LB My dad made my a very simple train layout when I was around four or five years old. I love miniatures. When I became an adult, with a house and a basement, I returned to the hobby big-time. The layout I’m currently working on is, I think, my seventh or eighth. We’ve moved a few times so I have to tear it all down and start again. I think, when you spend your days thinking up an entire world in your hand, it’s fun to work on one with your hands. It’s very Zen-like for me to stand in a room with several trains circling around me.
AK I know from many of our writing / publishing colleagues how hard it is to work when in the background we have this wave of so-called ‘populism’; with regime change in the US under Trump / Bannon; while in Europe we have Brexit in the UK and the growing lurch to the Right-Wing on the mainland – so have you any thoughts on how to cope and work with all this pervading the background of our reality?
LB I’m appalled by much of what is happening in the world, but it doesn’t stop me from writing. In fact, some of that rage and anxiety probably works its way into the stories in some way, and makes it better.
AK Though one positive is the need for professional Journalism, a career that got you writing, so are you doing any Journalism currently?
LB I worked in newspapers for 30 years, nearly 15 of them as a columnist. It was a great experience, but I pretty much left that behind when I turned to writing novels full time about ten years ago. I write the occasional piece when asked.
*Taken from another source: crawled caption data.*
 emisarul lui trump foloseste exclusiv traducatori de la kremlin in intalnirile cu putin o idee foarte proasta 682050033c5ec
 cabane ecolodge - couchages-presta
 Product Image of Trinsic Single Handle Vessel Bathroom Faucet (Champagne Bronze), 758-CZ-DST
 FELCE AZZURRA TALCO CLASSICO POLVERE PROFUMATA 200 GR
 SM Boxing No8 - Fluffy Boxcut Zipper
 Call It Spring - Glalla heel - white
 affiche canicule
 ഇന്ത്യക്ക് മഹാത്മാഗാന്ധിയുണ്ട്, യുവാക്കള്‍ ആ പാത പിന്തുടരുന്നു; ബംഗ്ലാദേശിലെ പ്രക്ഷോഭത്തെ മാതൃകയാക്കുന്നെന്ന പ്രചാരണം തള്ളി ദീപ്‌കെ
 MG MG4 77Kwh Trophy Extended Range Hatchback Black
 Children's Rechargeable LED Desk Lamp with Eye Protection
AK So what’s next for Linwood Barclay?
LB My first novel for young readers, Chase, comes out in July, and the final book set in Promise Falls, Parting Shot, comes out this month in the UK and Ireland. It won’t be out until the fall in North America. Also, my four novels about Zack Walker, previously only released in English in Canada and the US, will all be released by my UK publisher, Orion, between August and November. Next year’s novel, which will be a bit different, is finished (well, there’s more editing to do).
AK Thank you for your time and insight
LB Always a pleasure!
Shots have copies of Parting Shot available for pre-order from our bookstore Here, as it is released on April 20th, and read the Shots Review of The Twenty Three as well as a primer about the preceding two works that form this elegant, but dark trilogy.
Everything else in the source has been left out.